## Assignment
In the listing below, locate the line containing "Printed Polyester Multi" and copy it and every line after it through the end, exactly as written, leaving out any pictures.

## Recorded information
··········
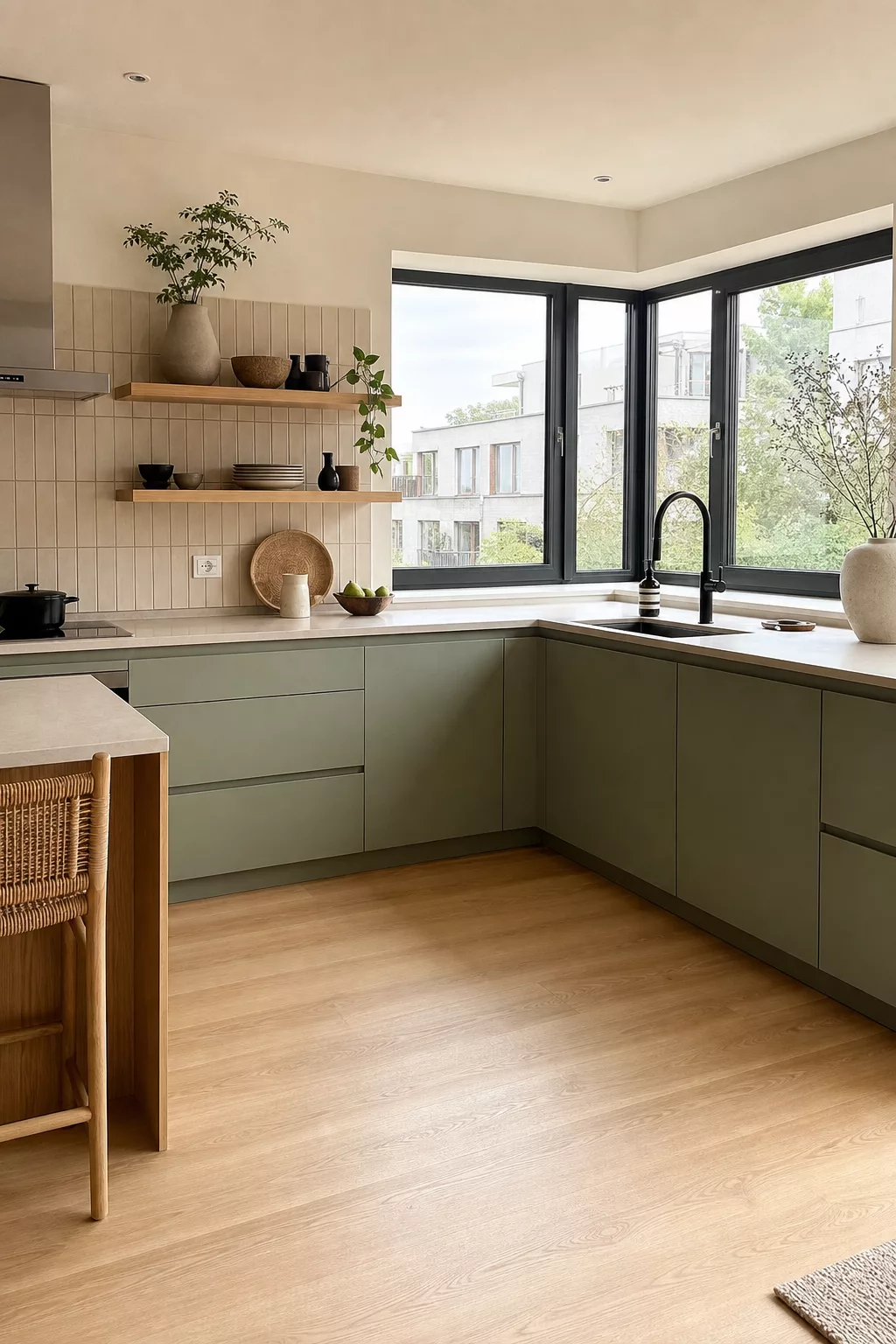 L-shaped Japandi apartment kitchen layout with sage cabinets and corner window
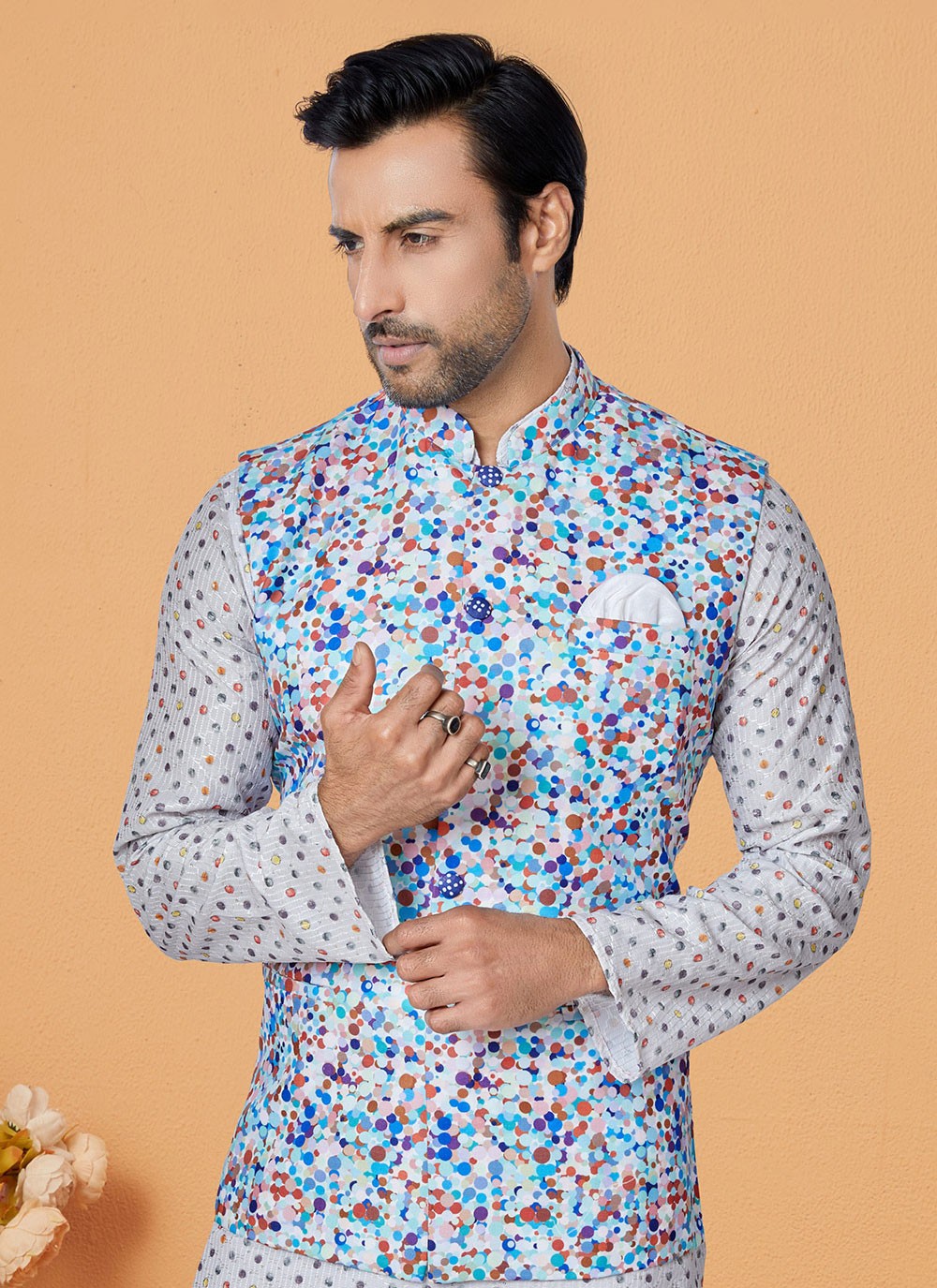 Printed Polyester Multi Colour Nehru Jackets - M7430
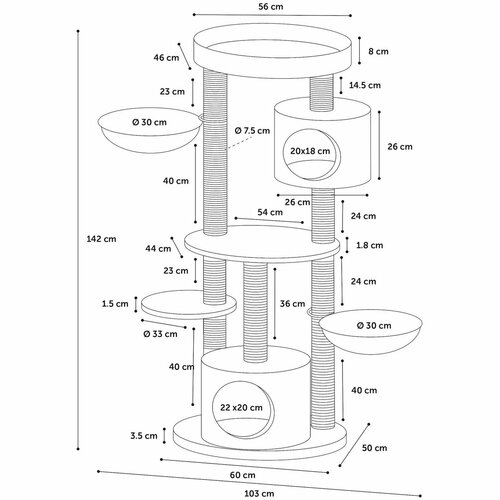 Flamingo Kratzbaum für Katzen INGA, beige, 103 x 50 x 142 cm
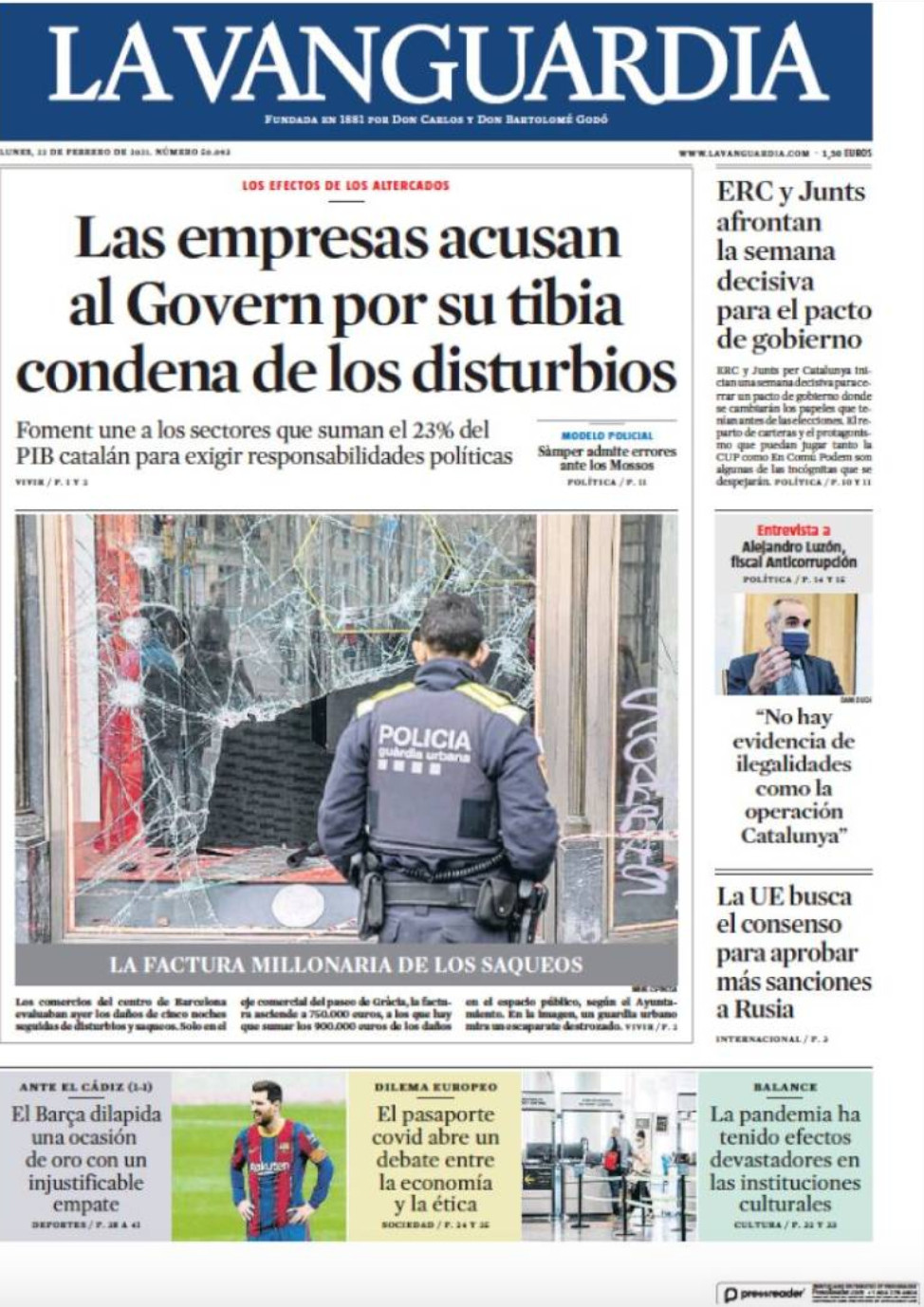 Portada de 'La Vanguardia' del lunes 22 de enero de 2021 / KIOSKO.NET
··········
## Answer area
 Printed Polyester Multi Colour Nehru Jackets - M7430
 Flamingo Kratzbaum für Katzen INGA, beige, 103 x 50 x 142 cm
 Portada de 'La Vanguardia' del lunes 22 de enero de 2021 / KIOSKO.NET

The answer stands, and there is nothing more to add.